Graham married a fellow student immediately after graduating veterinary school. The couple moved to West Virginia.
During a Christmas visit home to Detroit, Graham stopped by the clinic to say hello to her mentor, Miller. He told her, "I'm on my way to sign the papers to sell to Dr. Dworkis."
A veterinarian in Michigan, Dr. Andrew Dworkis was an early consolidator, founding a chain of hospitals called Professional Veterinary Hospitals, also known as PVH. Graham said Miller wasn't keen on selling to Dworkis but Detroit was in a slump, so no one else was interested in buying the place.
Except Graham. She asked her old boss to hold off on the deal with Dworkis.
"Give me 24 hours," she said.
"I called my husband," she recounted, "and I said, 'Pack your shit. We're coming back to Detroit and buying Patterson.' "

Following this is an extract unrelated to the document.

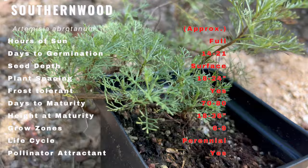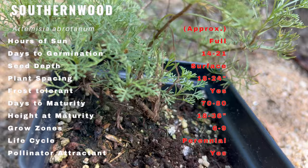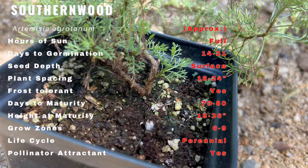Southern Wood, scientifically known as Artemisia abrotanum, boasts a long and storied history, native to Europe and parts of Asia. It has been cultivated for its aromatic and medicinal properties since ancient times. The name Southern Wood is believed to originate from the old English term 'Southern Wooda', highlighting its historical significance.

The opportunity thrilled her. "I never wanted to leave Detroit," Graham told the VIN News Service. "... but I did because I was in love and I got married, so off we went."
Her husband had been negotiating with a veterinarian in West Virginia to buy a practice, but the owner of that practice "was just stringing him out," she said. So he agreed to buy Patterson with her.
In the end, the marriage didn't survive. The couple divorced in 1989 and Graham bought out her ex's share of the business in 1991. She's been the sole owner since, and works mainly solo. She has a staff of eight and the help of a relief veterinarian who works a couple of days a week.
Someone once asked Graham if she ever thought about changing the name of the practice. "Are you crazy?" Graham replied. "Why would I give up that name? Why would I give up a name that is over 100 years old?"
Just as the hospital was in the Patterson family for generations, many clients are from families that have taken their animals there for generations.
"We get people coming in who say, 'Oh, my grandmother used to come in here when I was a little kid,' " said hospital manager Amanda Walz.
Graham said the first ambulance ever to operate in Detroit was built by Dr. Elijah Patterson to carry sick horses. He later donated the vehicle to the Henry Ford Museum, located in Dearborn, a Detroit suburb.
The transition from horse power to internal-combustion engine is vivid in Graham's memory — not that she was alive back then, but she knew people who knew people who were. "One of my Sunday school teachers, when I was a little girl, said her father always complained about Henry Ford and his noisy machine," she said.
Exactly what date Patterson veterinary hospital was founded is lost to the past. All today's Patterson crew knows is the year, 1844. Graham and team have selected July 20 as their day to celebrate.
"We're having a little fair with horses and chickens, stuff like that," Graham said, "so it's kind of like [we're] the original Pattersons."